## Showing that f is the potential function of F

Hey guys.

I'm trying to solve an exercise, and the solution is proberbly simpler than what I'm trying to do.

We are given

$\displaystyle F = (x^2 + y^2)^{-1} \binom{-y}{x}$

The curve $\displaystyle C$ is given by the parametrization

$\displaystyle \mathbf{r}(t) = (r(t)\cos(\theta (t)) , r(t) \sin (\theta (t)))$

where $\displaystyle r$ and $\displaystyle \theta$ both have continous differentials and $\displaystyle r(t) > 0$

Then I have shown that
$\displaystyle F(\mathbf{r}(t)) \cdot \mathbf{r}'(t) = \theta'(t)$ and $\displaystyle \int _C F \cdot d\mathbf{r} = \theta(b)-\theta(a)$.

For the part of the excercise I'm having issues with, we are given

$\displaystyle f(x,y) = 2 \mbox{Arctan} \frac{y}{x + \sqrt{x^2 + y^2}}$.

Now I need to find the domain of $\displaystyle f$, and show that $\displaystyle f$ is the potential function of $\displaystyle F$.

I understand that the domain is $\displaystyle \{(x,y) | x + \sqrt{x^2+y^2} > 0\}$, but can I write it in a prettier way?

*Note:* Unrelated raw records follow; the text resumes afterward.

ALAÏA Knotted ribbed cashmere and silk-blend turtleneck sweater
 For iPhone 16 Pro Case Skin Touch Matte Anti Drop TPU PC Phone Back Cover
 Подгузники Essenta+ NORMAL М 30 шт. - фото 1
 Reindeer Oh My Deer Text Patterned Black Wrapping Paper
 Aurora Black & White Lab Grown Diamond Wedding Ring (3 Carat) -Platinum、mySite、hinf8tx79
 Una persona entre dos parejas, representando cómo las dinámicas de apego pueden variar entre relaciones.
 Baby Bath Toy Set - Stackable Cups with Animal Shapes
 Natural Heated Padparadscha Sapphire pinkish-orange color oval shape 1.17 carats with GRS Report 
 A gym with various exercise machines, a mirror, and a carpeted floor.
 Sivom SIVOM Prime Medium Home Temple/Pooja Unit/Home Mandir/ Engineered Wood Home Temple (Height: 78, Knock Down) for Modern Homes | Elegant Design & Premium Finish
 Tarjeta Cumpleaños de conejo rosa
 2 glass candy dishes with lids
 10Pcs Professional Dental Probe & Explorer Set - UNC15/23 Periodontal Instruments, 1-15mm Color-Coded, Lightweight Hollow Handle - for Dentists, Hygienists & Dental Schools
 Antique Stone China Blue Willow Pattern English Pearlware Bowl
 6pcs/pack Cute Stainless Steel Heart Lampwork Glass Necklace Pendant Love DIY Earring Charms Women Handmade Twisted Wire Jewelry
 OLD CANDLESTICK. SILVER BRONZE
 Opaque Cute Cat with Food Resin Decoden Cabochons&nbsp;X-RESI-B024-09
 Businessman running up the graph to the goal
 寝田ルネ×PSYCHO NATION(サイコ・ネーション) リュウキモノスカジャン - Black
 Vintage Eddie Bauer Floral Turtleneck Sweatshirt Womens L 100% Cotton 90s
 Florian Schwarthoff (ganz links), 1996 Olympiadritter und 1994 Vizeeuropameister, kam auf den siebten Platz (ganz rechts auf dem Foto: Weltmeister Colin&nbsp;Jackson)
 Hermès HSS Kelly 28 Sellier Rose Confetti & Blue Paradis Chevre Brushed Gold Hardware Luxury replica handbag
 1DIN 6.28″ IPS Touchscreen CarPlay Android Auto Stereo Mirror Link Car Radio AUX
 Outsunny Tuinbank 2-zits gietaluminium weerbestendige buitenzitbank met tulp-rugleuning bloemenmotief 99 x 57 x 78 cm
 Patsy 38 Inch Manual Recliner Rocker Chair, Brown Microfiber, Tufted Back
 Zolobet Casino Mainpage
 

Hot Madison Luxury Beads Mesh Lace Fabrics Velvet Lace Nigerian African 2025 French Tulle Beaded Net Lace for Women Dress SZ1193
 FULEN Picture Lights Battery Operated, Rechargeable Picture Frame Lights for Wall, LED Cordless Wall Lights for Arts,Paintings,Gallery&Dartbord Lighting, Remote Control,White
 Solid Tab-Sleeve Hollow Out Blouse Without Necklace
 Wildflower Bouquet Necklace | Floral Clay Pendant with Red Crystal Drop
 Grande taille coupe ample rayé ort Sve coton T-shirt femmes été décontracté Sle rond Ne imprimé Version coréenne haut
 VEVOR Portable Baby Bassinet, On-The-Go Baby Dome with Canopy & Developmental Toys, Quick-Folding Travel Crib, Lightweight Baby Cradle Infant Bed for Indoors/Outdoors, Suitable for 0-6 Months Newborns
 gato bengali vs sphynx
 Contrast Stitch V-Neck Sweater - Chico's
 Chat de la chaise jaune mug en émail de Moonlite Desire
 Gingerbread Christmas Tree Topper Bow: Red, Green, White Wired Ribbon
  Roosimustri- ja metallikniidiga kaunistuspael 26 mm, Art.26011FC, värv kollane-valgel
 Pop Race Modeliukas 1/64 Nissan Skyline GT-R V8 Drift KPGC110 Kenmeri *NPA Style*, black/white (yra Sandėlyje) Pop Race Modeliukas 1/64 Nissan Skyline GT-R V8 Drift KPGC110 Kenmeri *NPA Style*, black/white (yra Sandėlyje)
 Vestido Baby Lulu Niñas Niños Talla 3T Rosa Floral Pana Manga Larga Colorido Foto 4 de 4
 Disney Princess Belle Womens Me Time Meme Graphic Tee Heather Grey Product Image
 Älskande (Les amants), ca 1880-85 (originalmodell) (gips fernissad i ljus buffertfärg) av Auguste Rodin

I'm getting a hint, that I should convert to polar coordinates as soon as possible, because the calculations will be easier. But I cant really figure out how to solve the excercise. Anyone have some hints? Especially on how, when and why I'm supposed to convert to polar coordinates.

Thanks a million.